§ **GIVEN DATA**
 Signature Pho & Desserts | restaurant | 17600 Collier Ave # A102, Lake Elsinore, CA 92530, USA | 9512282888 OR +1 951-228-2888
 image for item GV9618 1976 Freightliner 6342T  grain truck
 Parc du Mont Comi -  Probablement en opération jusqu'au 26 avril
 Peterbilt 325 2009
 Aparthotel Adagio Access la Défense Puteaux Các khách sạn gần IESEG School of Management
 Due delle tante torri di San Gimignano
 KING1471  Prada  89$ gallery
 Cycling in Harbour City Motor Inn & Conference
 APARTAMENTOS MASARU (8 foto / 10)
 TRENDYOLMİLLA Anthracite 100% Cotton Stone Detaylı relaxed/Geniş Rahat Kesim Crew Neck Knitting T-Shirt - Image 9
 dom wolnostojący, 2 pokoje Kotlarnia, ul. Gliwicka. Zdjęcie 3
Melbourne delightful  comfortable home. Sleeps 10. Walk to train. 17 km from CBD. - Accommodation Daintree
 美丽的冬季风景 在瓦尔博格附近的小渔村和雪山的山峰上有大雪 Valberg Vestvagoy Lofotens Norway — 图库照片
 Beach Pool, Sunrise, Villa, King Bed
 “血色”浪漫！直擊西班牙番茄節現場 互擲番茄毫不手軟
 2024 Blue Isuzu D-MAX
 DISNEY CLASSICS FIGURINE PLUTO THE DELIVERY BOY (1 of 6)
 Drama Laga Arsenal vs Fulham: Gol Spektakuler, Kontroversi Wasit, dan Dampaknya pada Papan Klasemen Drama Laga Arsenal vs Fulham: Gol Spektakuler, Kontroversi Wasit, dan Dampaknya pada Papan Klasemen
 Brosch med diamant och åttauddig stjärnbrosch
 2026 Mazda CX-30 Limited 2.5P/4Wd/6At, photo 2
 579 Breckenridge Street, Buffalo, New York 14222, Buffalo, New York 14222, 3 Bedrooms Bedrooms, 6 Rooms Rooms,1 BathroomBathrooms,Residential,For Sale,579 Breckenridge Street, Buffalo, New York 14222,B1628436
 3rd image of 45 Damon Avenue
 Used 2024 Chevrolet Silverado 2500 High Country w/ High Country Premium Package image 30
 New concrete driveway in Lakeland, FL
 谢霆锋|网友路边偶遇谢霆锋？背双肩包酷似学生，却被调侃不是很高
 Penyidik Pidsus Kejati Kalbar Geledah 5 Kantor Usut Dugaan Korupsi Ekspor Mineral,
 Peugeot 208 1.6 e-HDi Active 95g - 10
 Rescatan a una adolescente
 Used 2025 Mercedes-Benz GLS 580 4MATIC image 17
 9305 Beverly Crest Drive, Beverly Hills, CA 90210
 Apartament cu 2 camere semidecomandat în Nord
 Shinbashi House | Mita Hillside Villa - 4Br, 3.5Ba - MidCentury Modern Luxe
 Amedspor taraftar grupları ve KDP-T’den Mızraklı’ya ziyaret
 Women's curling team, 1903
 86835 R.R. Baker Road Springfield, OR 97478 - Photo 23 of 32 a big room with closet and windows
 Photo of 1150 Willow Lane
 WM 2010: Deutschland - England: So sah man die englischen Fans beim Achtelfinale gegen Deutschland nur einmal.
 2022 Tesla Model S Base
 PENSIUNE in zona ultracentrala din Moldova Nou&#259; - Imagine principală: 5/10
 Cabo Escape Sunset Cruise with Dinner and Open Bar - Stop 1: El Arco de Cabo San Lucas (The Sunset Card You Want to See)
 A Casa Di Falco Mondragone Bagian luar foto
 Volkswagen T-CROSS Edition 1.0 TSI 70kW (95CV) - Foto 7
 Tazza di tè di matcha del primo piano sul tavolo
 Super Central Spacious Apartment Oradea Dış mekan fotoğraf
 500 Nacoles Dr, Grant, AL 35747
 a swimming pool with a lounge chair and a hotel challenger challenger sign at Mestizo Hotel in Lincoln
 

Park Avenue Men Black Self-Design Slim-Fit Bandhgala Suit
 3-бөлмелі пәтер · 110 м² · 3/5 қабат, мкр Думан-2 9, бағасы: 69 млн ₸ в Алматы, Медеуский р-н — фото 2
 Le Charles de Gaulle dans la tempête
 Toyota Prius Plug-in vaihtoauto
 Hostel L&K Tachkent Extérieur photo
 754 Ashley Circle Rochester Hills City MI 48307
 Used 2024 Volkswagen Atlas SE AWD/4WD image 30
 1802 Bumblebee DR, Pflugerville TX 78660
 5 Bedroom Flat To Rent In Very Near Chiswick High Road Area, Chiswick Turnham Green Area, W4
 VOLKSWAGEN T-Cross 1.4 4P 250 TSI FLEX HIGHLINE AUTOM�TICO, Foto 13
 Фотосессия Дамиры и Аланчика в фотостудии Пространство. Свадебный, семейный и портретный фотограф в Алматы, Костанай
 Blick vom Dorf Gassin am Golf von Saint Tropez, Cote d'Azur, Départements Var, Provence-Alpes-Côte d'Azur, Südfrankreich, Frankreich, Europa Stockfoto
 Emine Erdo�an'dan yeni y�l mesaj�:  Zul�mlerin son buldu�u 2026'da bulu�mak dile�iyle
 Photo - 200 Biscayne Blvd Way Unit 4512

§ **YOUR GOAL**
Out of the material above, output word for word the line with "美丽的冬季风景 在瓦尔博格附近的小渔村和雪山的山峰上有大雪 Valberg", the line with "DISNEY CLASSICS FIGURINE", and all lines between them, with nothing else.

§ **ANSWER TO THE EXERCISE**
 美丽的冬季风景 在瓦尔博格附近的小渔村和雪山的山峰上有大雪 Valberg Vestvagoy Lofotens Norway — 图库照片
 Beach Pool, Sunrise, Villa, King Bed
 “血色”浪漫！直擊西班牙番茄節現場 互擲番茄毫不手軟
 2024 Blue Isuzu D-MAX
 DISNEY CLASSICS FIGURINE PLUTO THE DELIVERY BOY (1 of 6)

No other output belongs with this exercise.